Different languages dispose of various cues that contribute to the determination of word-class information. While in highly inflected languages like Czech or Russian specific word-class endings can differentiate, for example, between a noun (barv-a – “color”) and a verb (barv-í – “he/she/it colors”), in languages with limited inflection like English it is primarily the syntactic context that has this function (I like the color vs. we will color it later). German disposes of more inflection than English, but it still comprises more grammatically ambiguous forms than the highly inflected Czech. The word form MIETEN can, for instance, be a verbal form in infinitive or in first- or third-person plural (“we/they rent”), or it can be a nominal form that means either “renting” (a noun derived from a verb using a process called conversion) or “rents” (a countable noun in plural). In spoken German, there is no way to determine whether a verbal or a nominal meaning is intended if the word is presented in isolation. However, in the written mode, German uses capitalization of the first letter as a cue for nouns, that is, das Mieten (“the renting”) and die Mieten (“the rents”). Such orthographic word-class marking does not exist in Czech.

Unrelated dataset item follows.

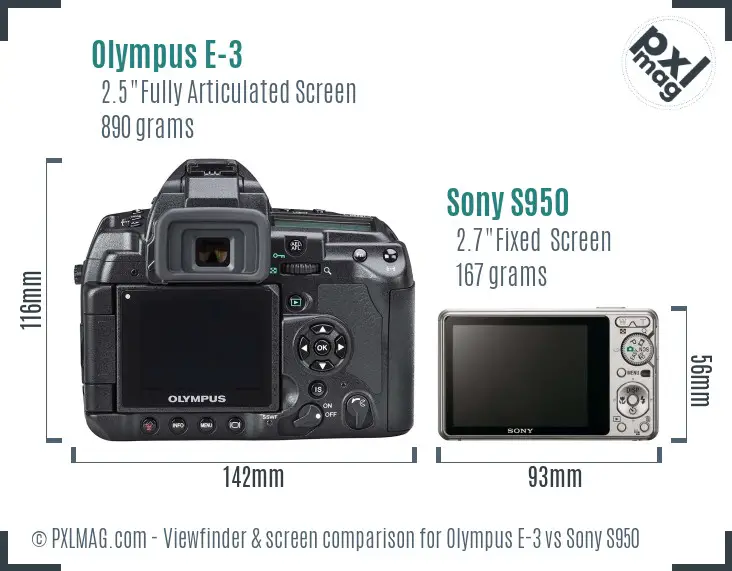 Olympus E-3 vs Sony S950 Screen and Viewfinder comparison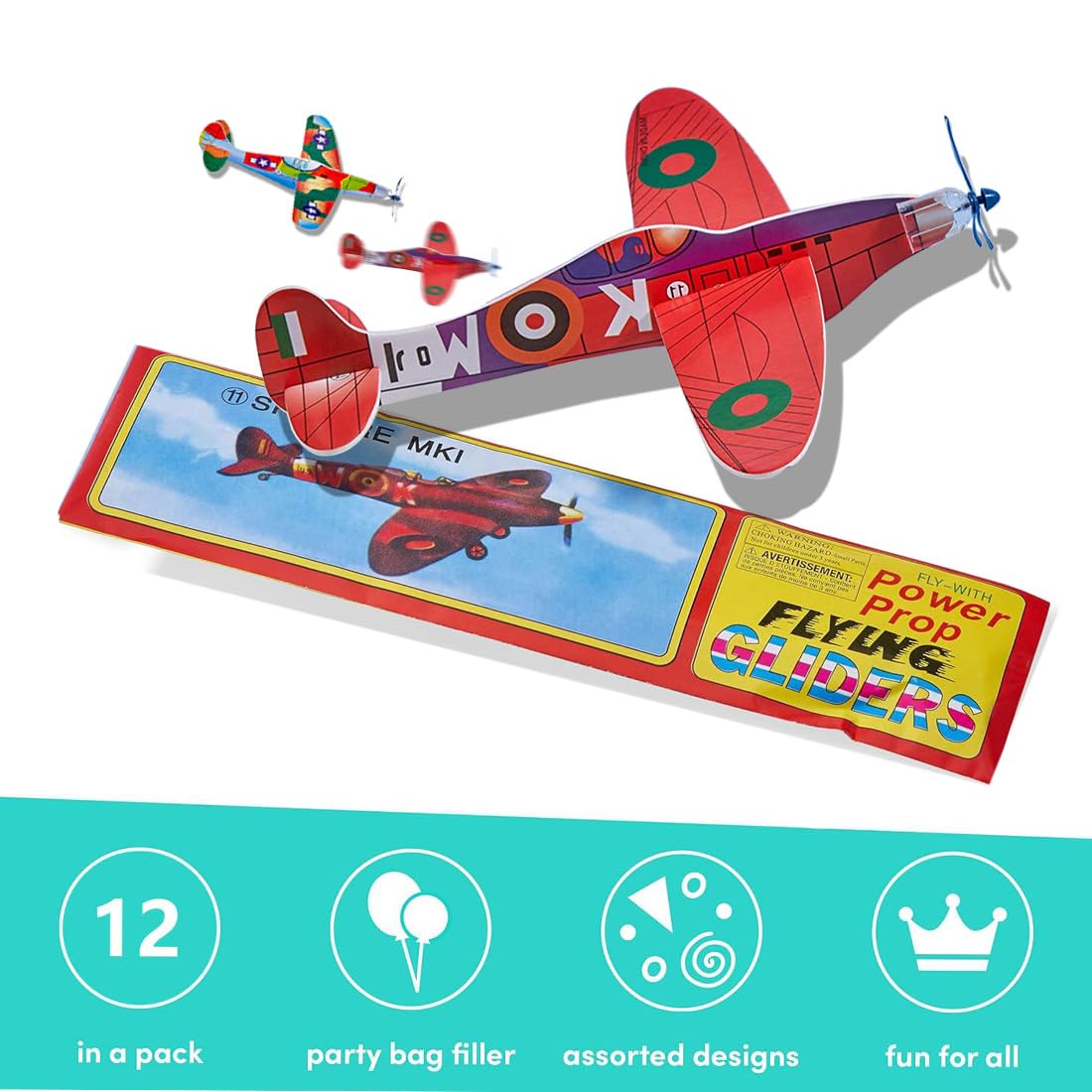 24 Avions Planeurs Joygogo - Polystyrène - 6 Modèles - Pour Anniversaire Enfants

Capitalization of the initial letter of nouns is a unique property of the German writing system. It is assumed to help the reader to syntactically analyze a sentence by visually highlighting the argument(s) as opposed to the predicate of the proposition (Sahel et al., Reference Sahel, Weingarten, Gutbrod and Cummins2003). Previous research has shown that reading of German texts with capitalized nouns is easier than reading texts with deviations from standard German orthography. Empirical evidence in L1 German is provided by several studies by Bock and colleagues (Reference Bock, August, Wagner and August1985, Reference Bock and August1986, Reference Bock1989), in which they varied orthography in several ways. In their 1985 experiments, they manipulated the orthography of short texts by omitting the capitalization of nouns, capitalizing initial letters of all words, randomly capitalizing initial letters of various words or inverting the existing capitalization rules so that the initial letters of all nonnouns were capitalized. The results revealed that infringements of the capitalization rules slowed the reading rate by 4.5%, 11.23%, 12.2%, and 19.08%, respectively. In their follow-up experiments, the authors also manipulated capitalization in languages that normally do not use it as a cue for word-class information (Bock, Reference Bock1989). The aim was to rule out the hypothesis that the slower reading rates of texts violating the German capitalization rules are solely due to recognition difficulties when identifying unaccustomed word shapes.

For the present study that addresses the role of orthographic cues (capitalization) in L1 and L2 lexical access, the study of Bock (Reference Bock1989) is particularly relevant because it was the first to include the role of capitalization in German as an L2. German participants were asked to read German and English texts, and Dutch participants were asked to read Dutch and German texts. The texts were again presented in standard German spelling and in the four manipulated versions described in the preceding text. Significantly, capitalizing English nouns according to German capitalization rules did not lead to slower reading rates compared to reading rates of standard English spelling. This means that German readers were able to transfer German capitalization rules to the English texts, so that the unaccustomed word shapes of the capitalized English nouns did not delay the reading rate. Even more interestingly, Dutch participants were able to transfer the German capitalization rules from their L2 German to their L1 Dutch and read the Dutch texts written according to German spelling rules (i.e., with capitalized nouns) even faster than texts written according to standard Dutch spelling rules (i.e., without capitalization of nouns). These results demonstrate that the capitalization rules have a function of their own that is independent of stored written word shapes.

THE PRESENT STUDY

In the current study, we explore how the processing of grammatically ambiguous forms in sentential context is affected by noun capitalization in L1 and L2 German. Compared to previous studies, we are not concerned with the general role of noun capitalization on reading speed, but specifically with its function in potentially facilitating access to the intended (in terms of word class) target representation. This question gains additional importance when exploring processing of German as an L2 of learners whose L1 (Czech) does not use capitalization to mark word classes, as it can shed new light on the question to which degree L2 learners are able to make use of linguistic cues that do not exist in their L1. For these purposes, we compare the results of a previous study (Bordag & Opitz, Reference Bordag and Opitz2021) also with L1 and L2 German, in which capitalization cues were avoided by presenting all critical stimuli in capital letters (e.g., MIETEN), with the present study, in which all items were presented according to standard spelling, that is, with capitalized nouns.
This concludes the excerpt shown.